■ Available data
# # # # # # #
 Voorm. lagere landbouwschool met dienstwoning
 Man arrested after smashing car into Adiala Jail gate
# # # # # # #
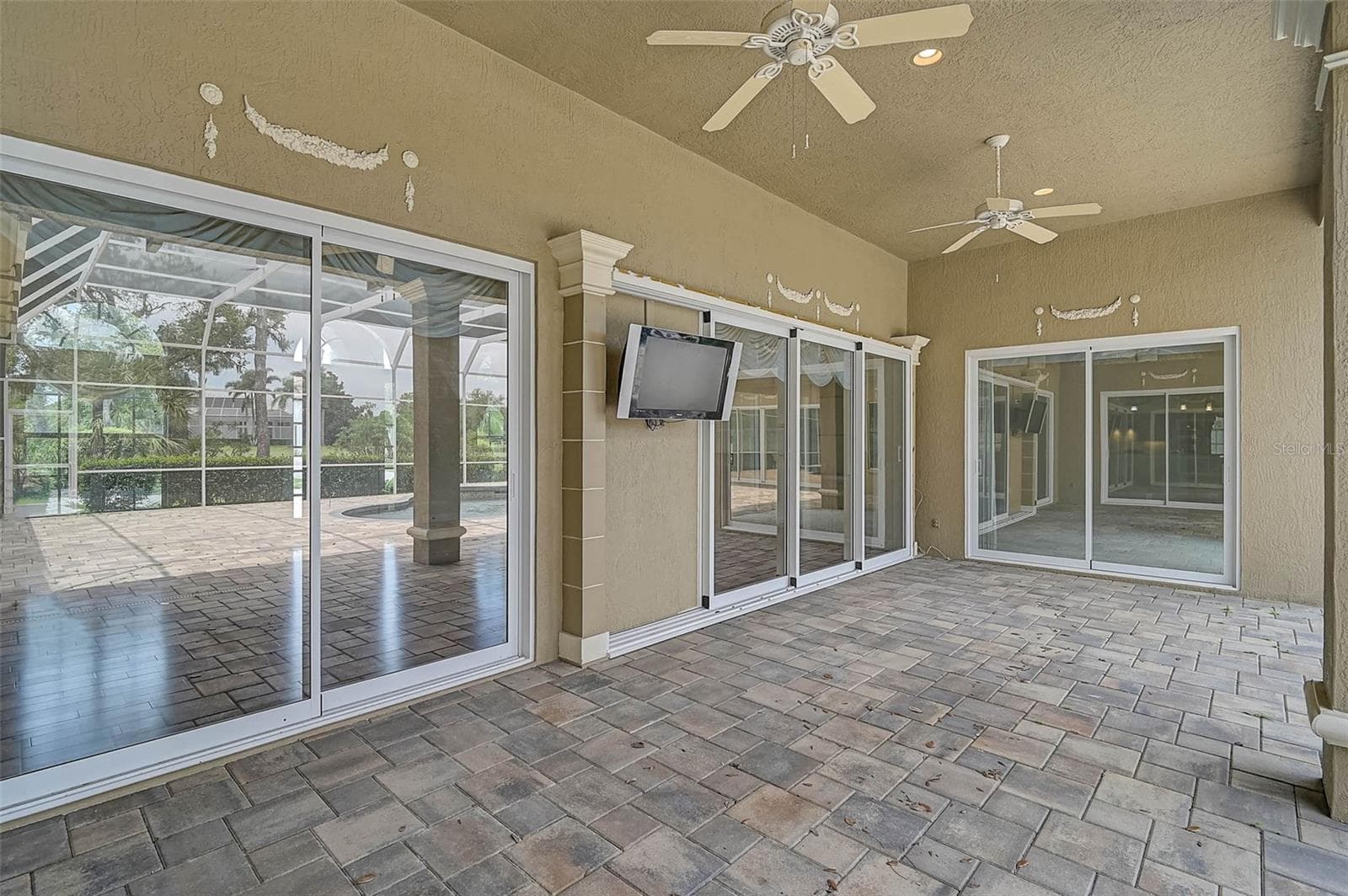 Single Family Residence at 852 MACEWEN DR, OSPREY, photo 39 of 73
# # # # # # #
Working from the material above, restate word for word the lines between the line with "Voorm. lagere landbouwschool" and the line with "Man arrested after", both included, and only those.

 Voorm. lagere landbouwschool met dienstwoning
 Man arrested after smashing car into Adiala Jail gate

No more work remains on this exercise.